It’s not clear whether the 15-year-old was trying to break up a fight between her sister and another student or joined the fight to help her sister. Either way, says Phillips, “you’re dealing with children and unless an officer is threatened, there’s no need for excessive force.”

The incident, which occurred in North Carolina’s largest school district, re-energized an ongoing conversation about the role of police officers in schools and the use of disproportionate force in disciplining students.

Bryan Profitt

“I taught in a school where the number of police in the building outnumbered the number of counselors on any given day,” says Bryan Profitt, president of the Durham Association of Educators, the school district that borders Wake County.

“I respected our school resource officers (SROs) but would rather have had four more counselors who could help the kids cool off if they were in the middle of some kind of crisis,” declares Profitt, who insists that providing the mental health supports students need would be a much better use of resources than creating a climate that normalizes the policing of students from elementary through high school.

“One SRO told me they’re prepared for the street but don’t receive training in how to deal with behavioral issues inside a school,” shares Phillips, who works in Thomasville City school district, an hour north of Wake County. “Clearly, we need ongoing training for everyone in the school community.” NEA policy recommends training for SROs on age-appropriate interventions and how to distinguish between discipline and criminal episodes.

Phillips, a middle school family and consumer science teacher, credits the lessons she learned as a member of NEA’s School Discipline Task Force with making her a more effective and compassionate advocate for her students. She also believes the recommendations and guidance in NEA’s policy statement can support the improvement of school climate and discipline outcomes.

Holding her own school up as an example, she says they’ve seen steady improvement in school climate by focusing on positive discipline practices, including a monthly focus group that provides students with a safe space for discussing school climate and discipline issues with administrators.

“A lot of this is just commonsense,” observes Phillips. “You don’t pick up a 15- year-old who’s not threatening you and throw her to the ground. Students don’t need to be slammed. They need to be taught. They need to be guided. And they need some love. Many of our students just need someone to talk with them.”

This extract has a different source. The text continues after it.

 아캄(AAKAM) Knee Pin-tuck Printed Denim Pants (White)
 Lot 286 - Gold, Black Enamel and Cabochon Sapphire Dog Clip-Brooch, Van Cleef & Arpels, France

For more information, see NEA’s policy statement on school discipline and the school-to-prison pipeline.

Reader Comments

  1. If the girls would have followed his instructions to begin with that never would have happened. This is what is wrong with our schools today we need more police officers slamming students to the ground. They would probably listen to him next time!

  2. I would like to know if the police officer was disciplined and what if any re-training the school system will require of their security staff.

    School police need training on de-escalation approaches but so do all police. There are better ways to deal with many situations than by adding to the violence.

    1. Sign of the times that we even need police in the schools. Schools have become violent enough to have this protection. I agree that the video shows excessive force, but what happened before that? I have seen much violence in children of all ages at school and out of school. Why do these children even have such extreme anger issues. When is parenting going to be responsible for upbringing a child?

  3. His behavior reflects the lack of training and inability to understand behavior management necessary in this situation as well as control his temper. Not only is this all too common , but given only a slap onthe hand bc his job appears to be too threatening to fill and districts are too lazy and uninformed about how to handle school disruptions and aggressive personalities. Question: Would he have thrown down a Spanish girl?

    1. He should have equal opportunity to slam anyone who doesn’t follow the rules. It’s time to quit horracing the police and start holding students and parents more accountable for their actions. If they only followed the rules and listen to his instructions nothing would have happened.